> From: [email protected] [mailto:discuss-
> [email protected]] On Behalf Of Steve Harris
> 
> 1) Using a tar pipeline will (should) always be slower than a single
> process (e.g., cp, cpio -p, rsync), because of the overhead of the two
> processes and the system buffering for the pipe.

Depends on the bottleneck.  If you have super fast IO capabilities, then the 
overhead of copying from RAM to RAM before hitting the IO could actually affect 
your performance.  But that's a rather unusual situation.  Usually your RAM is 
so much faster than the IO, it doesn't matter.

Which is slower:  Being stuck behind a granny using a walker, in your Toyota, 
or being stuck behind a granny using a walker in your Maserati?

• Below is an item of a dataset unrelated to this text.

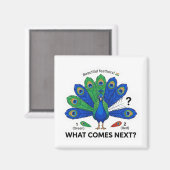 What Comes Next? Peacock India Pattern Logic Magnet (Vorderseite/Rückseite)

> 2) Copying to an NFS-mounted filesystem is likely to be less efficient than
> alternatives (e.g., rsync) because of the NFS overhead -- it looks like a
> local filesystem but in fact there is a lot of network processing happening
> behind the scene.

Ah - Agreed - but there's a distinction to make here.  "rsync" the application, 
versus "rsync" the protocol.  You can use the rsync application from local disk 
to NFS mount, and obviously, you incur NFS overhead.  This is the situation the 
OP has been discussing.  It will work fine, but if you want to performance 
optimize ...  You're right, you can enable rsync in daemon mode on the 
receiving system, and use rsync:// protocol.  In this mode, the rsync client & 
server are able to significantly reduce the amount of data that needs to cross 
the wire (each system locally checks file statistics, etc, and only sends the 
smallest relevant data across the wire, as opposed to rsync from local fs to 
locally mounted remote fs, which requires the rsync application to perform all 
those operations itself, *across* the wire).  I honestly *do* believe using 
rsync protocol, with enabling rsync daemon on the receiving system, will be 
faster than the NFS option, assuming the network is your rat
 e limiting factor.


> 3) I'm not an expert on rsync, but wasn't it (initially) written in a
> client-server mode to achieve very high efficiency copying files over a
> network?  Especially when updating (large) files which may have changed
> slightly.

"high efficiency" is a relative term.  It does a good job of skipping over 
files that don't need to be sent, and only sending chunks of files that have 
changed, but in order to do that, it needs to crawl the local and remote 
filesystems (if using daemon mode, the remote daemon still needs to crawl the 
whole filesystem locally), do a bunch of comparisons between local & remote, 
search for and calculate all those differences.  This is NOT comparable to the 
performance of things like ZFS and BTRFS incremental updates.  But in the 
absence of a COW (or equivalent) underlying filesystem, rsync is the fastest 
thing that I know.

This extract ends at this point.